The Moro Islamic Liberation Front, according to its spokesman, is not going to fire the first shot in protest over the Supreme Court ruling declaring the Memorandum of Agreement on Ancestral Domain unconstitutional. The MILF, Eid Kabalu reiterated, also remained open to the resumption of peace negotiations, which collapsed after the government aborted the signing of the controversial MOA-AD.
Kabalu’s statement is welcome, but events in the past years give no guarantee that his group can back his reassurance. The MILF leadership could not control two of its commanders who went on a rampage after the signing of the MOA-AD was stopped by the Supreme Court with a restraining order. Those two commanders remain at large, and MILF leaders have refused to turn them in. The lame promise of the MILF leadership is that the two commanders will face the group’s brand of justice. So far there has been no progress in this area and the two commanders, Ameril Umbra Kato and Abdu-rahman Macapaar, alias Bravo, are still being hunted down by government forces.
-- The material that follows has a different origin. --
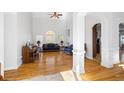 Spacious living room with hardwood floors, tall ceilings, large windows, and neutral color palette at 135 Antoinette Ave, Mcdonough, GA 30252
The peace negotiations will likely resume, although the signing of a final peace agreement under the Arroyo administration becomes more remote with the Supreme Court ruling, and as the passing days turn the President into a lame duck. The resumption can be helped along if MILF leaders finally show some leadership and turn in Kato and Bravo. At the very least, the MILF leadership must be true to Kabalu’s vow that the separatist group will not initiate hostilities over the SC ruling.
After the ruling was handed down, the MILF bared plans to take the MOA-AD controversy to the United Nations and the Organization of Islamic Conference. The MOA-AD, Kabalu reiterated, is “a done deal” and must be honored by the government. This is precisely the situation that the petitioners in the SC case were trying to avoid when they sought to have the MOA-AD declared unconstitutional. The MILF should just stick to its promise, made through Kabalu, that the group will not initiate hostilities in Mindanao. That is the essence of peace.